> BRIEF:
Print exactly the lines of the listing below from the one containing "Shoppers at Arundel" through the final line, both included, and no pictures.

── EXERCISE DATA

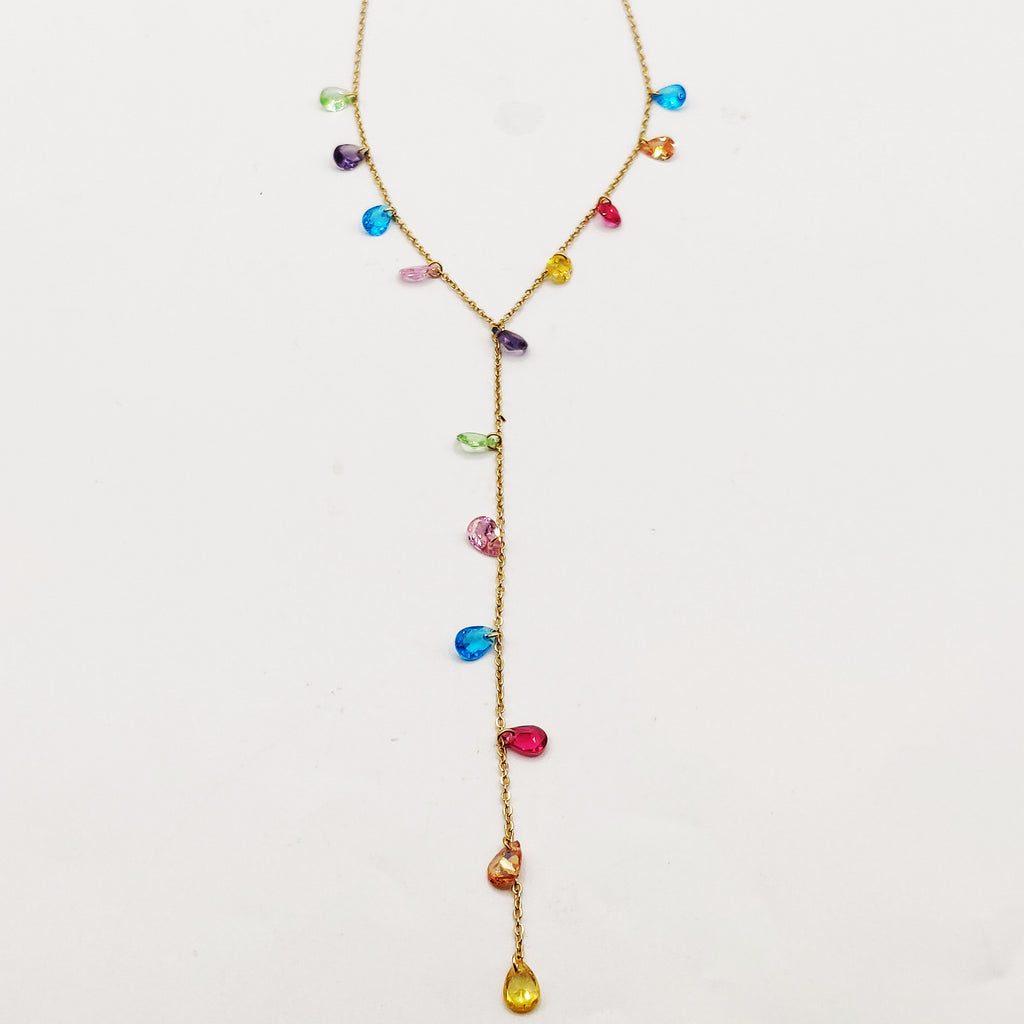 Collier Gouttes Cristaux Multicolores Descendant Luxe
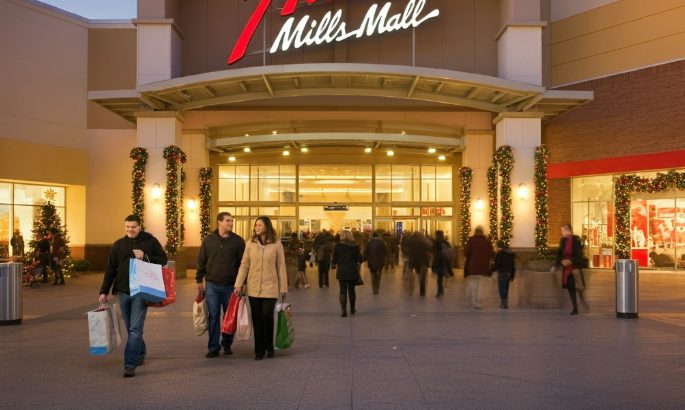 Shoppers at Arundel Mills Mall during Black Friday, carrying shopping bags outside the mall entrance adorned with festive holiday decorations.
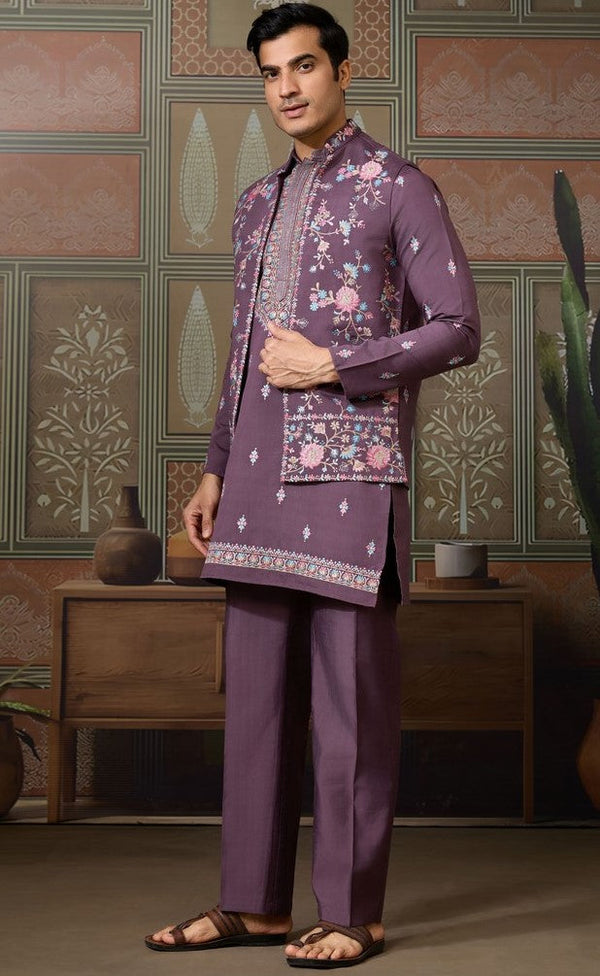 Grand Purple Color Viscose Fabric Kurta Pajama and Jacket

────

> WRITTEN ANSWER:
 Shoppers at Arundel Mills Mall during Black Friday, carrying shopping bags outside the mall entrance adorned with festive holiday decorations.
 Grand Purple Color Viscose Fabric Kurta Pajama and Jacket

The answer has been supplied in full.